Electoral College vote doesn’t mean the end of Donald Trump’s career. Watch it blossom.

Today’s the day. What, you ask? Today is the scheduled meeting of the Electoral College, the day when “The electors meet in their respective States and vote for President and Vice President on separate ballots. The electors record their votes on six Certificates of Vote, which are paired with the six remaining Certificates of Ascertainment. The electors sign, seal, and certify six sets of electoral votes. A set of electoral votes consists of one Certificate of Ascertainment and one Certificate of Vote.”


Supposedly then, today is the time when Democrat Joe Biden and gal pal sidekick Kamala Harris officially become the president-elect and vice-president elect of the United States. The longtime swamp dweller from Delaware and junior senator from California already awarded themselves the lofty titles a month ago when the media declared Pennsylvania for the ticket led by the now 78-year-old, a pronouncement that put he and she over the top of the 270 Electoral Vote threshold. Only the journos don’t have the authority to call races, even if they’ve assigned themselves the power. A lot of smart people dispute the media’s premature jumping of the proverbial gun.


Anyone who’s paid attention to the news since then -- and there probably aren’t many who haven’t -- have seen President Donald Trump’s campaign engaged in an intense battle to present their assertion that the election was stolen due to widespread mail-in ballot fraud. The lawsuits are evolving, including several seeking to withdraw the individual states’ appointed slate of electors. As of this writing, it still appears as though the meeting of the Electoral College will go forward with its inevitable conclusion.


You may recall the hubbub from four years ago, when frantic liberals desperately tried to get the various states’ presidential electors to become “faithless” and refuse to cast their votes for Donald Trump. According to the leaders of the “faithless elector” movement, the reasons for doing so were many, including the just-getting-started faux allegation that the Trump campaign colluded with Russia to edge out Hillary Clinton’s one mad woman rage campaign. Oddly enough (or not odd at all, actually), there’s been no similar expenditure of time and energy to turn electors against Biden this year. This despite tons more evidence of suspicious activity. That’s the way it is in Washington.

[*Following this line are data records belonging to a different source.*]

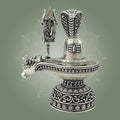 Brass Shivling Idol – 4" Silver Finish Shiva Energy Statue for Pooja & Prosperity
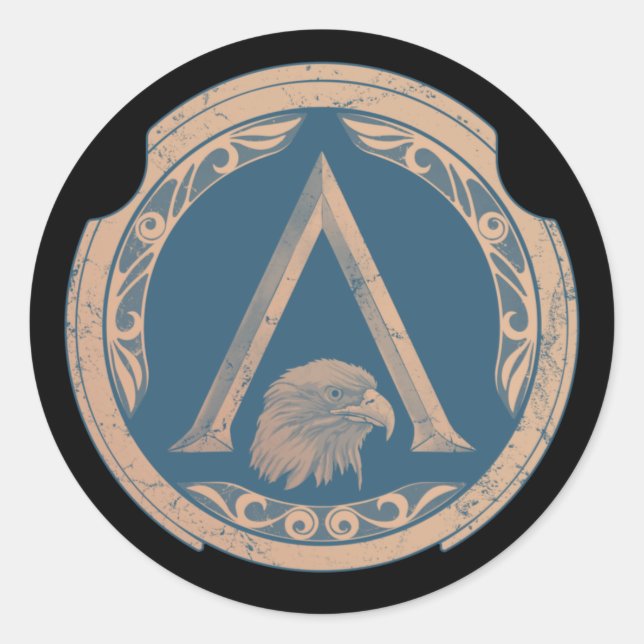 Rond Spartan Eagle Greek Shield Classic Round Sticker (Devant)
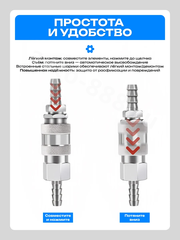 Быстросъемный соединитель для шланга ёлочка 10мм рапид евро фото 6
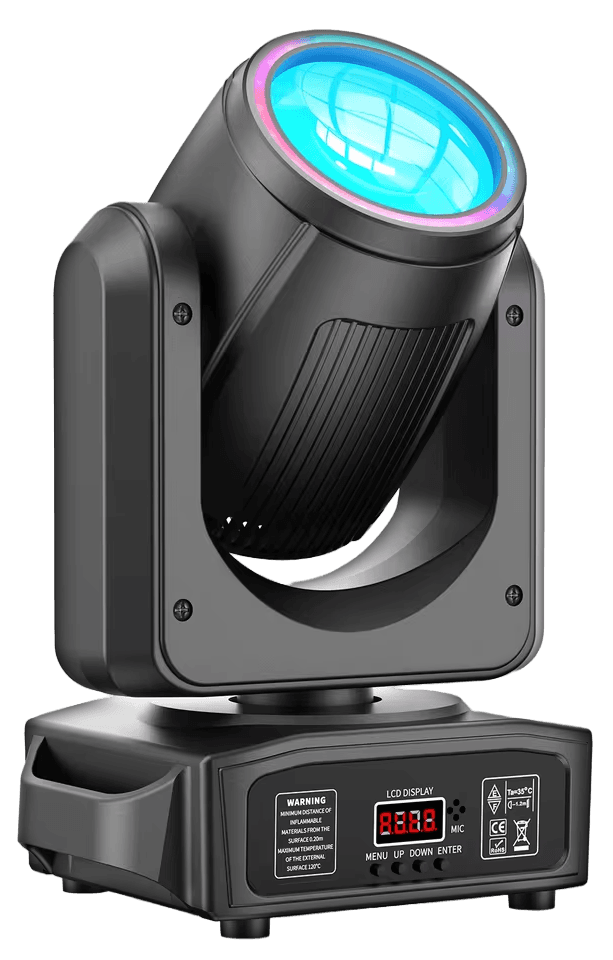 Cabeza móvil compacta de 200W con haz cian y anillo LED RGB, pensada para villas y salas medianas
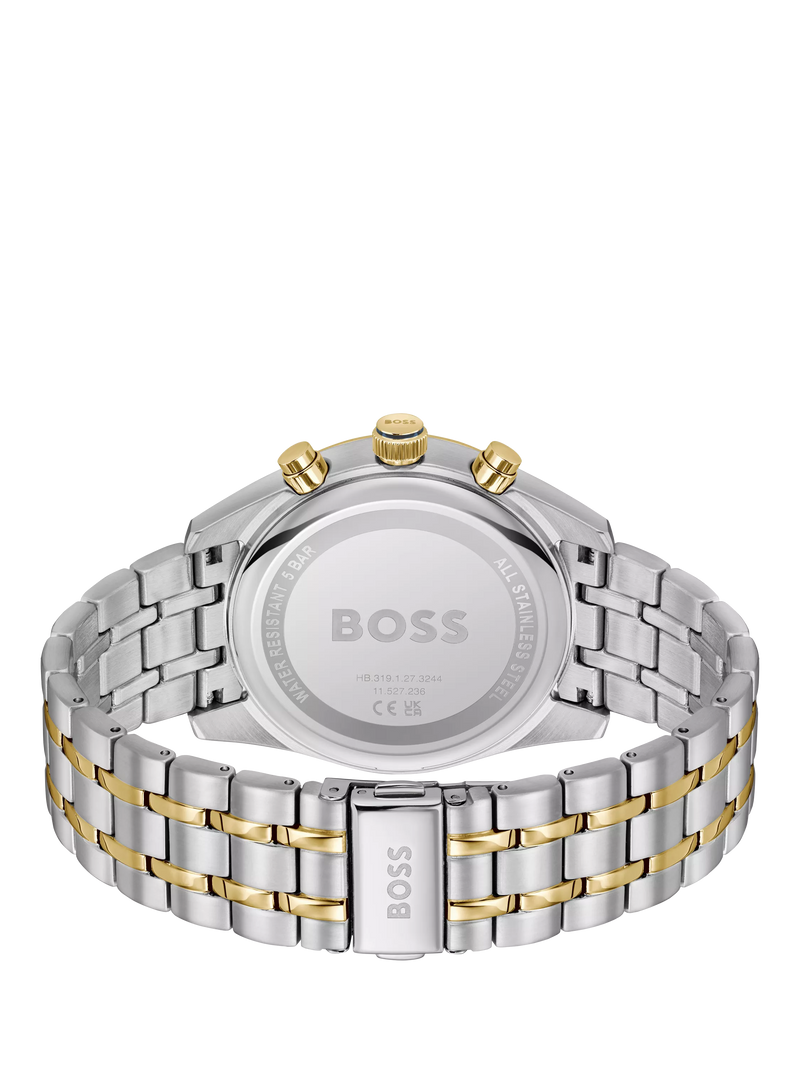 BOSS chronograph watch blue dial stainless steel bracelet, UK version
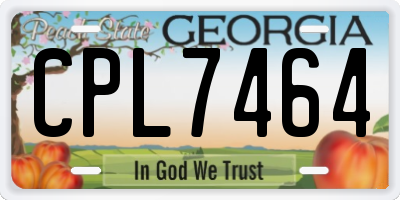 GA license plate CPL7464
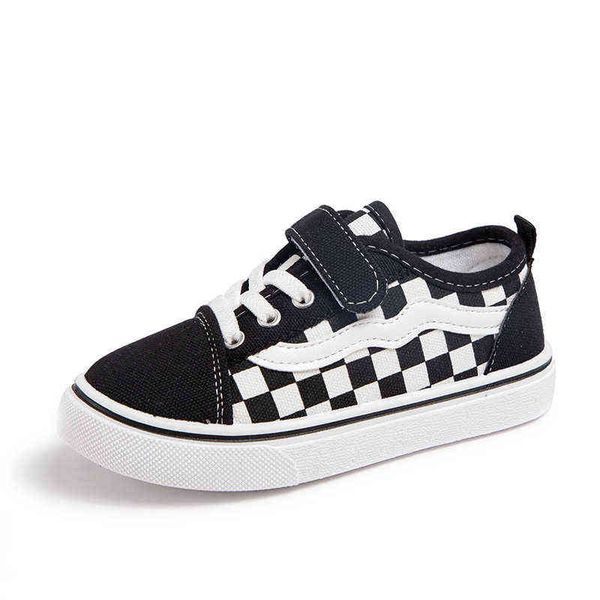 

children spring canvas girls fashion lattice caual boys hook design low-sneakers baby black shoes g220422, Black;red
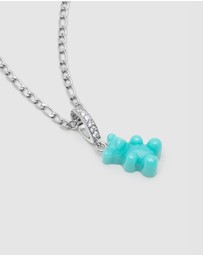 Nialaya Jewellery - Men's Silver Necklace with Turquoise Gummy Bear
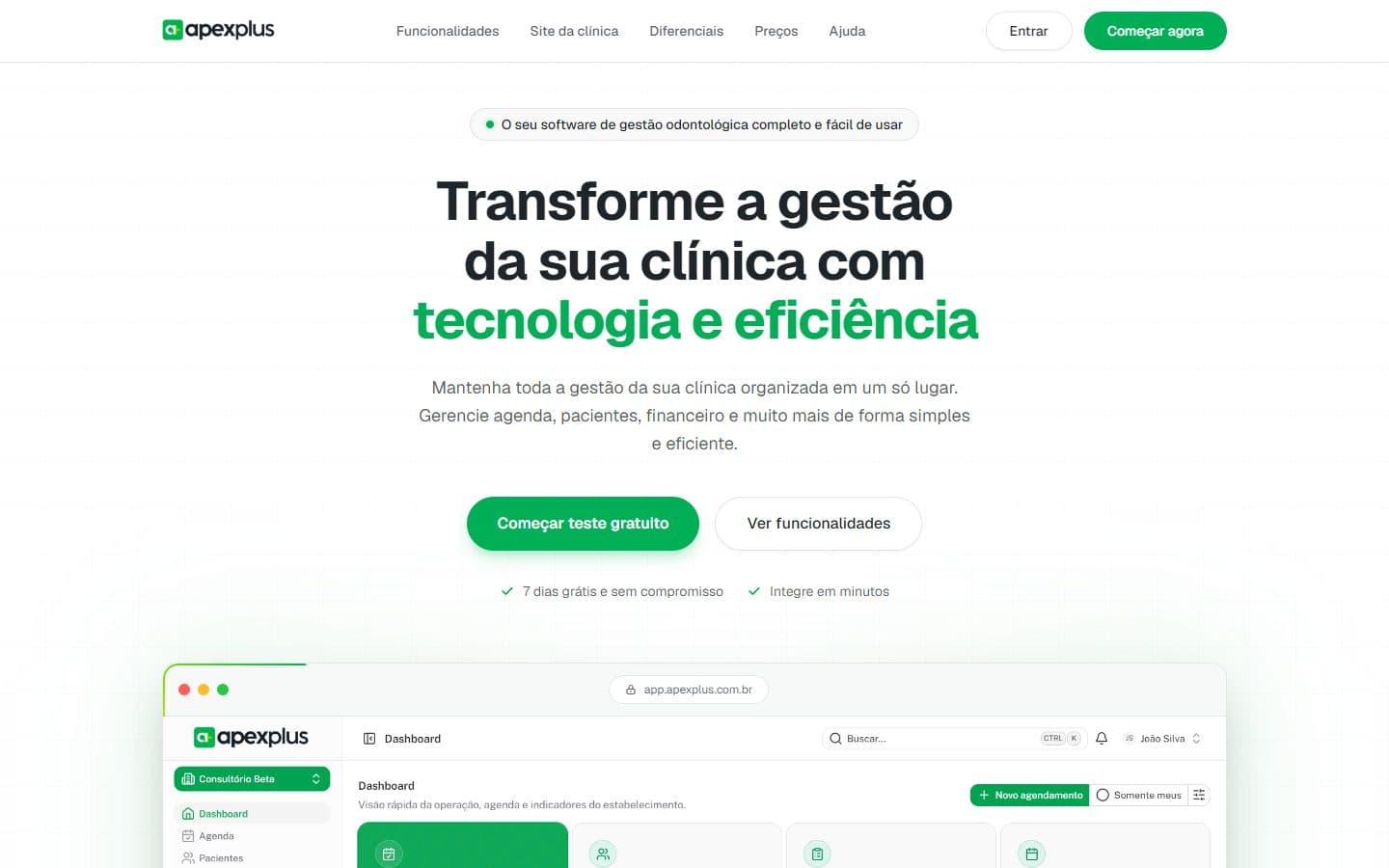 Página inicial da ApexPlus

As has now become clear, liberals will say and do anything to get what they want. No need to rehash the whole sad tale.


Some happily think today’s vote and next month’s inauguration means the end of Donald Trump’s political career. In a column titled, “Relax, A Trump Comeback In 2024 Is Not Going To Happen”, Politico founding editor John F. Harris wrote that there are three reaons Trump will fade: “Most important are the abundant precedents suggesting Trump does not have another important act in national politics. The perception that Trump will remain relevant hinges on the possibility that he is a unique historical figure. Trump, however, is singular in one sense only: No politician of his stripe has ever achieved the presidency. In multiple other ways, he is a familiar American type, anticipated by such diverse figures as Joseph McCarthy, George Wallace, and Ross Perot...


“[T]he second reason Trump is not well-positioned to retain his hold on public attention: He has largely abandoned any pretense that he thinks about anything other than his personal resentments, or that he is trying to harness his movement to big ideas that will improve the lives of citizens...


“[The third reason:] Politics never stands still, but Trump largely does. As he leaves the White House, Trump should be haunted by a stark reality — if he had any capacity for self-calibration, he wouldn’t be leaving the White House at all. He’s got one set of political tools. When things are going well, his instinct is to double down on those. When things are going poorly, his instinct is to double down on those.”


I don’t know Harris personally and I don’t recall seeing him on cable news programs in an “expert” commentator capacity. But one could easily envision what it must be like to go to dinner with someone like the “founding editor” of a liberal establishment media rag like Politico. The powers-that-be would arrange out-of-sight backroom seating in a restaurant that’s supposed to be closed to the public due to “health concerns”, where you, Harris and other stuffy liberal media-types would sip on expensive wine, consume gourmet dishes with impossible to pronounce names and bloated menu prices and engage in spirited conversation over current events.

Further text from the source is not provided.